Yaklaşık yirmi yıl siyaset yaptım. Hem de öyle böyle değil çok yoğun bir mesai harcadım. Üst düzey yöneticiler ile bir araya geldim. Onları uzun uzun dinledim. Düşünebiliyor musunuz Rahmetli Erbakan Hocamı bile defalarca dinledim. Teşkilatlarda ve çeşitli ortamlarda birçok konuda konuşmalar yaptım.
Siyasetin bana öğrettiği çok şey oldu. Siyaset sayesinde dünyaya ve meselelere bakışım değişti fakat öğrendiğim bir şey daha var ki o da şudur; insan meselelere maalesef ki bulunduğu camianın gözüyle bakıyor. Yani bir bakıma tabiri caizse at gözlüğü ile bakıyor.
Çünkü insan bulunduğu camiada, o camiaya göre bir şeyler öğreniyor ve o öğrendikleri onun için mutlak doğru ve savunulması zorunlu bir ideal oluyor. Dolayısı ile herkesin doğrusu farklı ve herkes doğruları için mücadele ediyor.
Bir cemaatin müntesibi bir doktora “Bu yanlış değil mi? bunu nasıl kabul ediyorsun?” diye sormuştum. O da bana “Bir cemaate bağlıysan bunu sorgulayamazsın. Sorgularsan orada durmanın bir mantığı olmaz.” diye cevap vermişti. Ben her şeyi sorguladığım için hiçbir cemaatin içinde olmadım ve hiçbir siyasi partinin içinde de duramadım.

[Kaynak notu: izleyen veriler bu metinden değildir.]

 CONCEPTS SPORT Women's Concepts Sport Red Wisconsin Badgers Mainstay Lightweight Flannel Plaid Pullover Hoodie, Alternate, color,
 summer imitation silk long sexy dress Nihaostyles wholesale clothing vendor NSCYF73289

Bu durum aynı siyasi partililerde de böyle değil mi? Kendi partilerinin koca koca hatalarını görmezden gelirken rakiplerinin küçük hatasını devleştirmiyorlar mı? İçişleri Bakanı “Bir siyasetçi bir çete liderinden her ay on bin dolar alıyor.” dediğinde o parti üyeleri bu işin açığa çıkmasını neden istemedi? Yeni parti kuran Sarıgül “Bir siyasi parti iktidarı indirmek için Biden’dan para aldı, bu işin peşini bırakmam.” dedi. Peki muhalefet partileri neden kim bu siyasi parti diyor mu?

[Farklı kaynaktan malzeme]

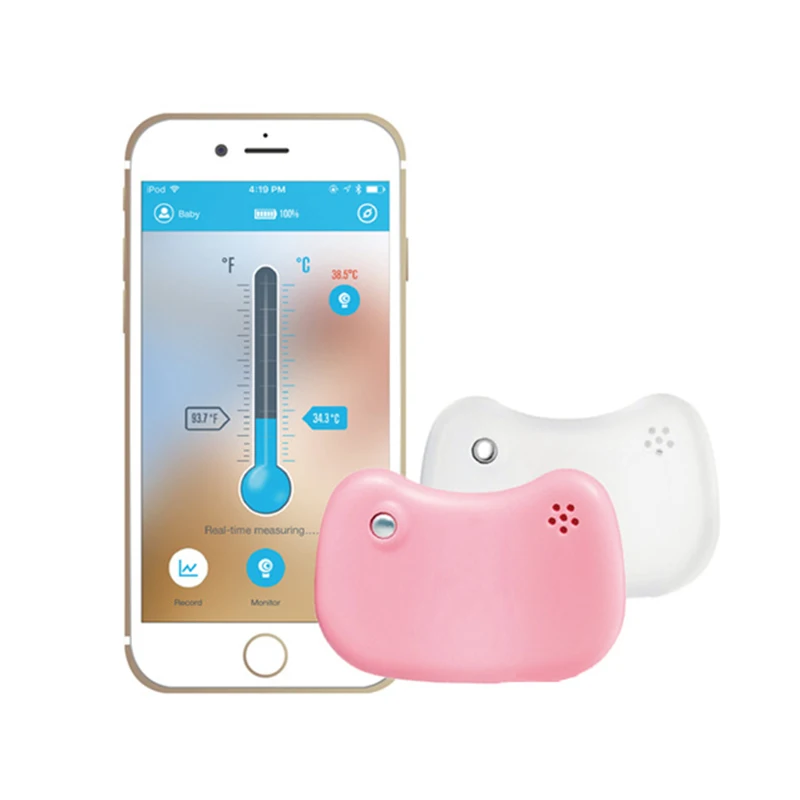 

Baby Care 24-Hour Intelligent Fever Monitor With Wireless Alerts (iOS & Android) Bracelet Bluetooth Fever Thermometer NBB0350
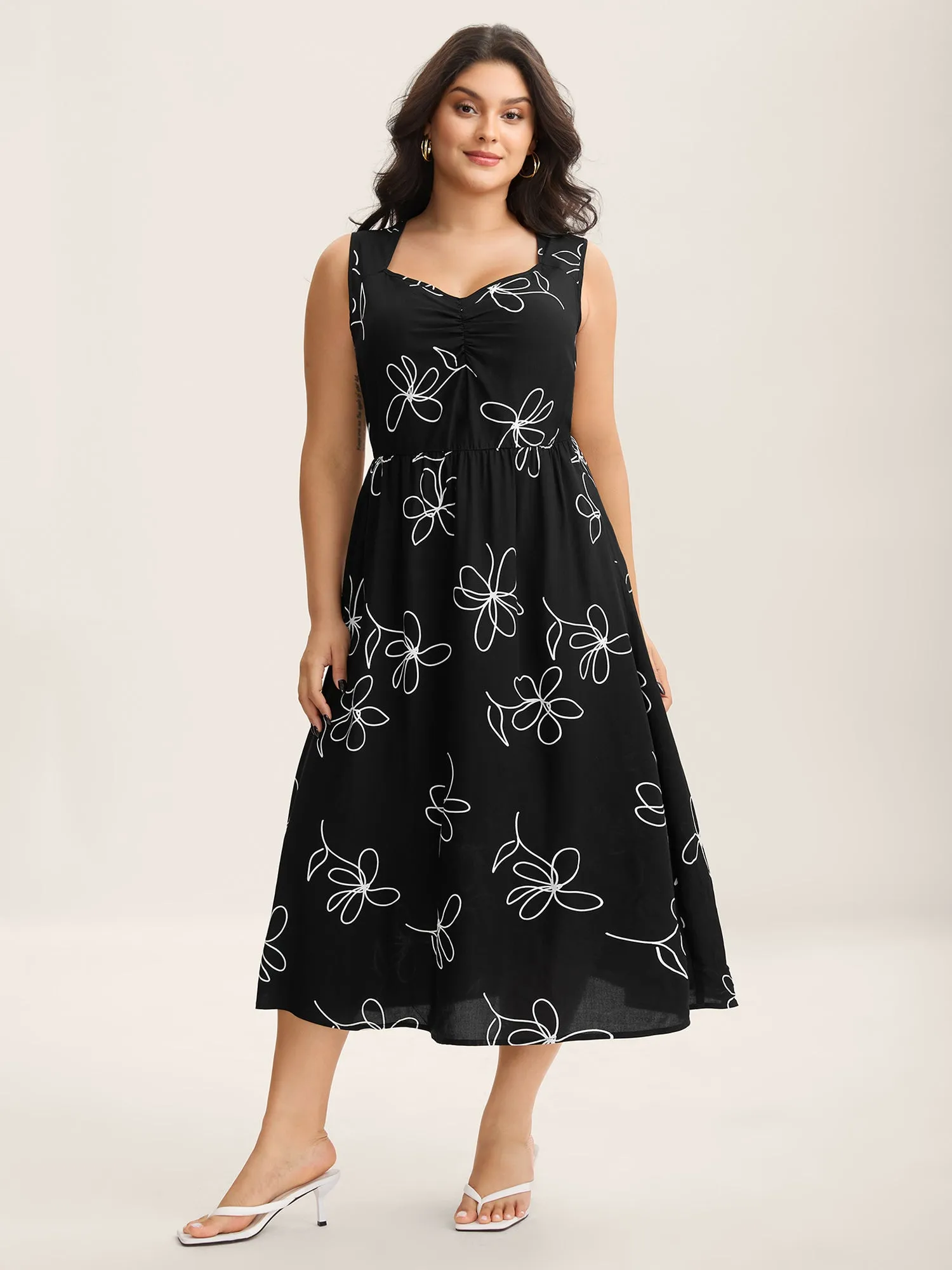 Rayon Floral Print Pockets Sleeveless Midi Dress sold by Bloomchic product image thumbnail 3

İktidar partisi yaptığı yol, köprü, hastane ve hava alanları ile övününce muhalefet “Bunlar yeniyor mu? Millet aç aç!” diye eleştirirken herhangi bir muhalefet parti belediyesi heykel yapınca “Millet aç aç!” demiyor ya da milletin aç olduğunu neden unutuyor? Aynı şeyin tersi iktidar yanlıları için de geçerli değil mi?
Hülasa bizde siyaset böyle yapılıyor. Bir partiye bağlıysanız o partinin hatalarını görmezden geleceksiniz bu da yetmez rakip partinin iyi yönlerini de görmeyeceksiniz. Varsa yoksa rakibin hatalarından bahsedeceksiniz ve onu karalayacaksınız.
Yirmi yıl sonra artık kendimi geri çektim. Fil örneğinde olduğu gibi file dokunduğum yerden değil de uzaktan bakarak fili tarif ediyorum. Yani bütün siyasi partilerin dışındayım ve hepsini dışardan gözlemliyorum.
Bu sayede bütün partileri rahat rahat eleştirebiliyorum. Güzel gördüğüm işleri de hangi partiden olursa olsun alkışlayabiliyorum. Bazıları bu durumu “iki yüzlülük” olarak lanse etse de biz buna aklıselim ve adalet diyoruz.
Derdimiz birilerini memnun etmek ya da karşımıza almak değil. İsteyerek ya da ehveni şer diyerek seçimlerde desteklediğimiz partinin yanlışlarını da eleştirme hakkını kendimizde görüyoruz. Ben, milletimiz ve kendimiz için iyiyi güzeli ve adaleti talep etmeye devam edeceğim. Bunu da ancak siyasetin dışında kalarak yapabiliyorum.